(Stored items from a collection)
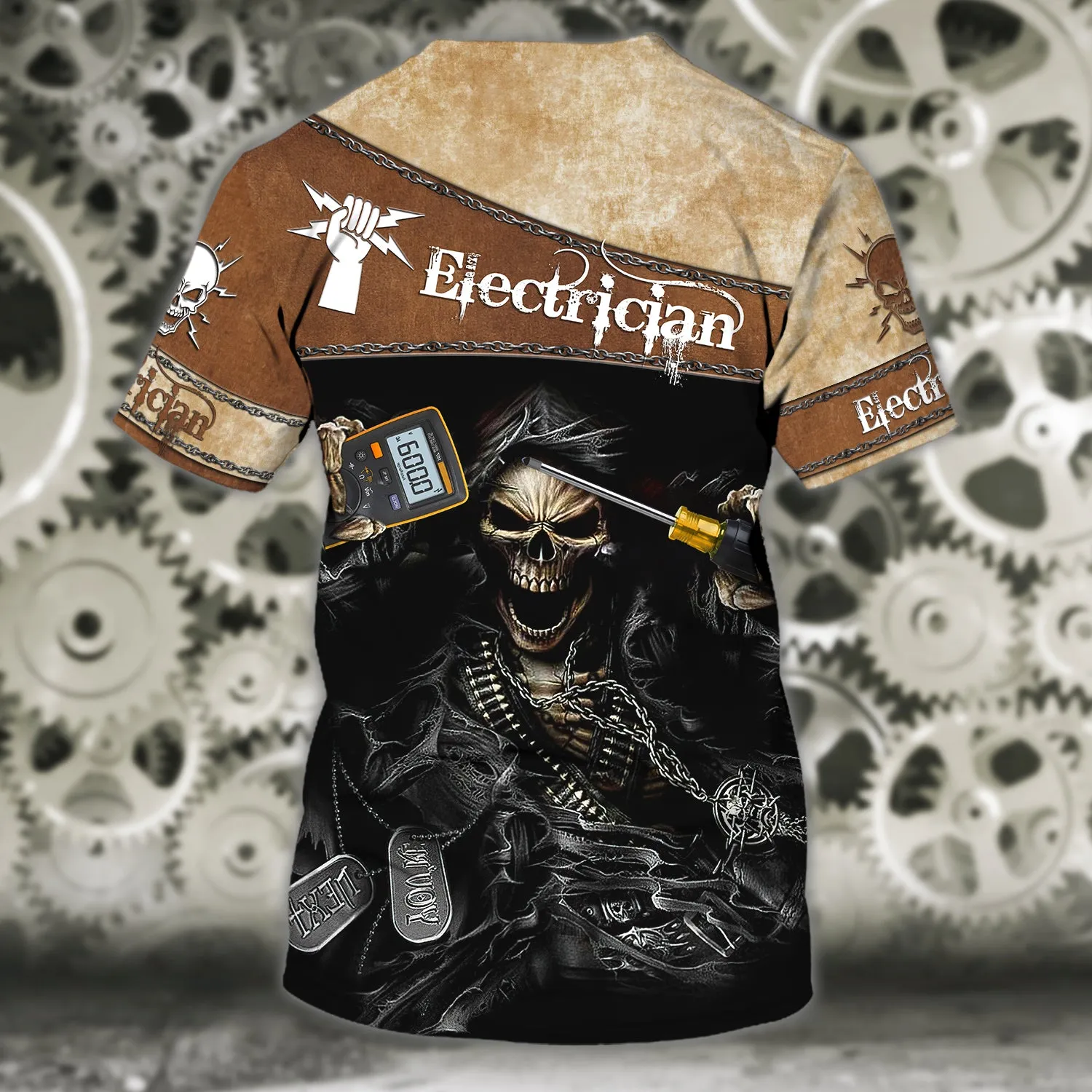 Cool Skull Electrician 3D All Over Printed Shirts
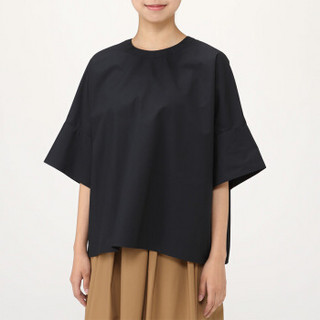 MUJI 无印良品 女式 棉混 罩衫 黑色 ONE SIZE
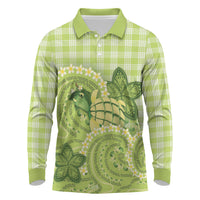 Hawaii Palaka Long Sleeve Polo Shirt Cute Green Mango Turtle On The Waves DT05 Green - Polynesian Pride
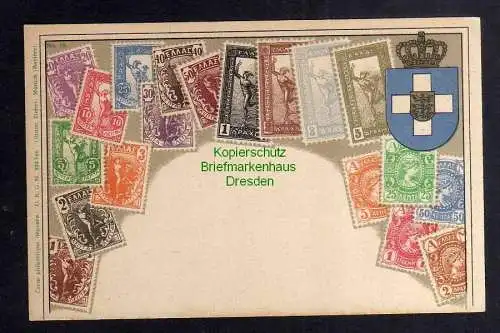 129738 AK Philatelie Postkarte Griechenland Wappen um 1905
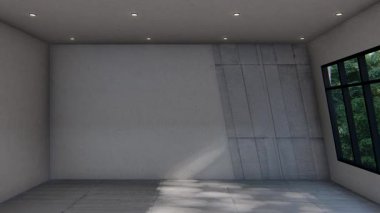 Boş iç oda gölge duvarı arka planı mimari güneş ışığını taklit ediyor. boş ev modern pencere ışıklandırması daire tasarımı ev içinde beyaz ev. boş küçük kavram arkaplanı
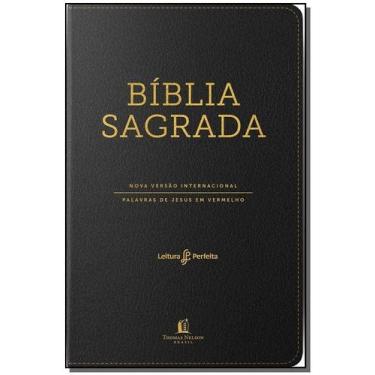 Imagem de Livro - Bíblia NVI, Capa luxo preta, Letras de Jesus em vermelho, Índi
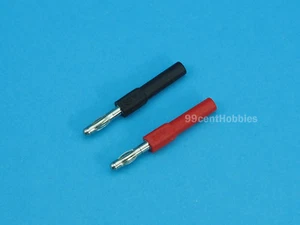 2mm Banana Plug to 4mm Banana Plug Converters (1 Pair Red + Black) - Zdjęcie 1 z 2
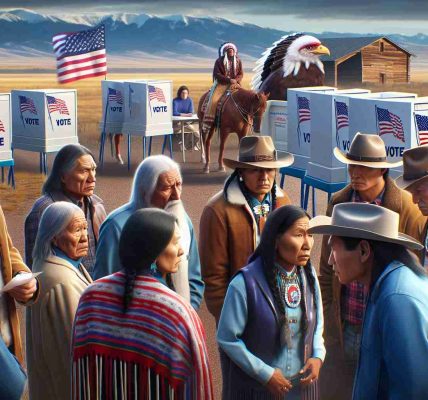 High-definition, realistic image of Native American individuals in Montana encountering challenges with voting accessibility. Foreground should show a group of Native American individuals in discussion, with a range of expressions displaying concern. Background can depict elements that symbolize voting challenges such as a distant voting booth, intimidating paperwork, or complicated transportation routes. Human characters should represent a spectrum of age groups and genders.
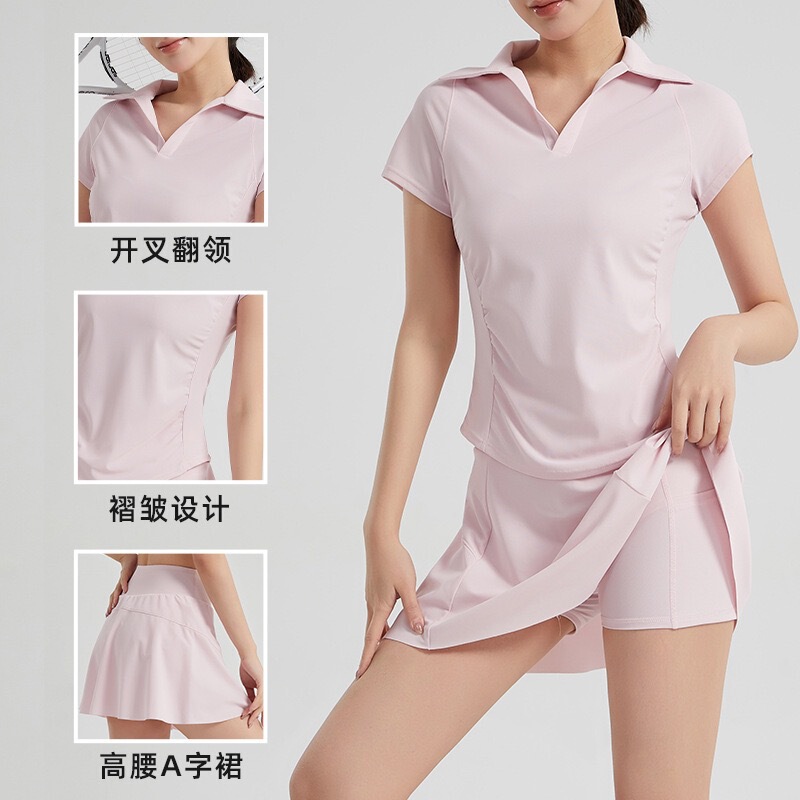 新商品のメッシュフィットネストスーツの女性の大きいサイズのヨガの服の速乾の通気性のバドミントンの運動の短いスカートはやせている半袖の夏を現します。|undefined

*WORK INSTRUCTION*
Keep to the lines above from the line with "MUJI 无印良品 女式 棉混 罩衫 黑色 ONE SIZE" to the line with "High-definition, realistic image", and set down exactly those, inclusive, with nothing else and every picture left out.

*SOLUTION BELOW*
 MUJI 无印良品 女式 棉混 罩衫 黑色 ONE SIZE
 Hawaii Palaka Long Sleeve Polo Shirt Cute Green Mango Turtle On The Waves DT05 Green - Polynesian Pride
 129738 AK Philatelie Postkarte Griechenland Wappen um 1905
 Boş iç oda gölge duvarı arka planı mimari güneş ışığını taklit ediyor. boş ev modern pencere ışıklandırması daire tasarımı ev içinde beyaz ev. boş küçük kavram arkaplanı
 Imagem de Livro - Bíblia NVI, Capa luxo preta, Letras de Jesus em vermelho, Índi
 2mm Banana Plug to 4mm Banana Plug Converters (1 Pair Red + Black) - Zdjęcie 1 z 2
 High-definition, realistic image of Native American individuals in Montana encountering challenges with voting accessibility. Foreground should show a group of Native American individuals in discussion, with a range of expressions displaying concern. Background can depict elements that symbolize voting challenges such as a distant voting booth, intimidating paperwork, or complicated transportation routes. Human characters should represent a spectrum of age groups and genders.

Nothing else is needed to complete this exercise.